─── Supplied records ───
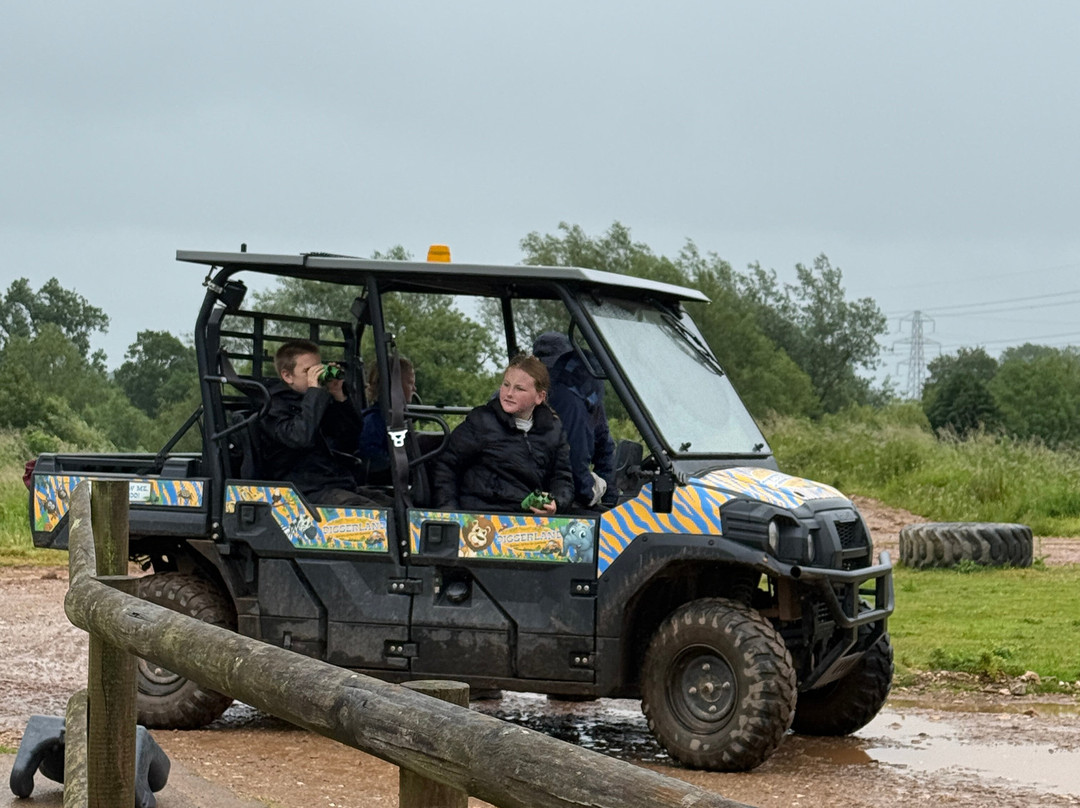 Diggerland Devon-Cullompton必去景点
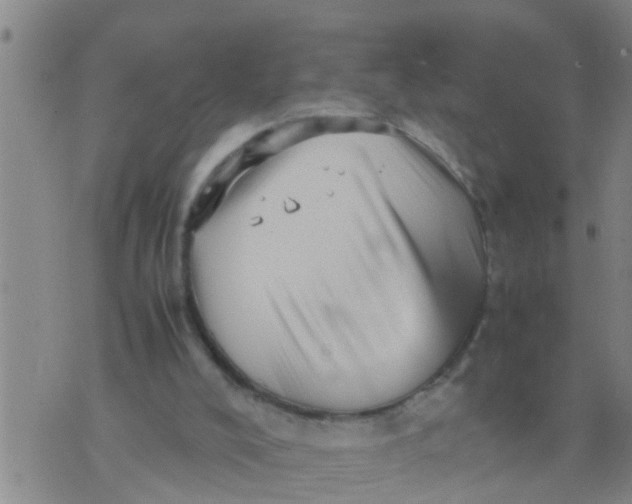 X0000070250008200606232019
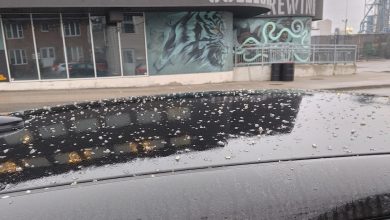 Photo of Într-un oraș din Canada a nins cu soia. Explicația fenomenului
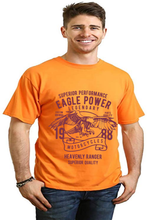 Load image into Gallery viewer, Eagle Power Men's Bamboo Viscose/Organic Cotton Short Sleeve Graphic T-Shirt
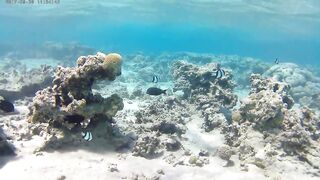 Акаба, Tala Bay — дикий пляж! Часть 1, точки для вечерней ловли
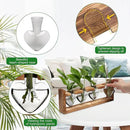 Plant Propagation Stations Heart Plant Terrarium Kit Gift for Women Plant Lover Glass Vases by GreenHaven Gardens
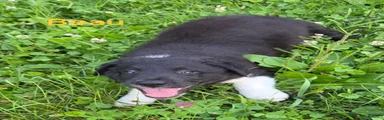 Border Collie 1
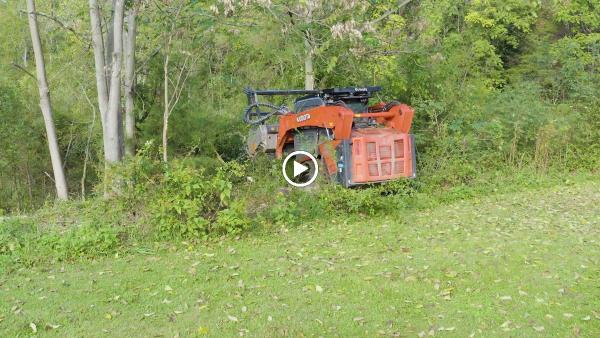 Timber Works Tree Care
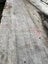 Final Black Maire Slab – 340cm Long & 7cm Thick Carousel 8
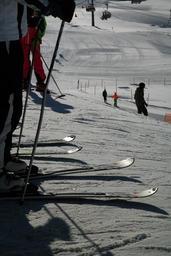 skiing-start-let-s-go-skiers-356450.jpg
───
▶ **Problem requirements**: What is needed is an exact transcription of the lines from the one containing "Plant Propagation Stations" through the last line of the records above, both included, with no pictures.

▶ **Exercise solution**:
 Plant Propagation Stations Heart Plant Terrarium Kit Gift for Women Plant Lover Glass Vases by GreenHaven Gardens
 Border Collie 1
 Timber Works Tree Care
 Final Black Maire Slab – 340cm Long & 7cm Thick Carousel 8
 skiing-start-let-s-go-skiers-356450.jpg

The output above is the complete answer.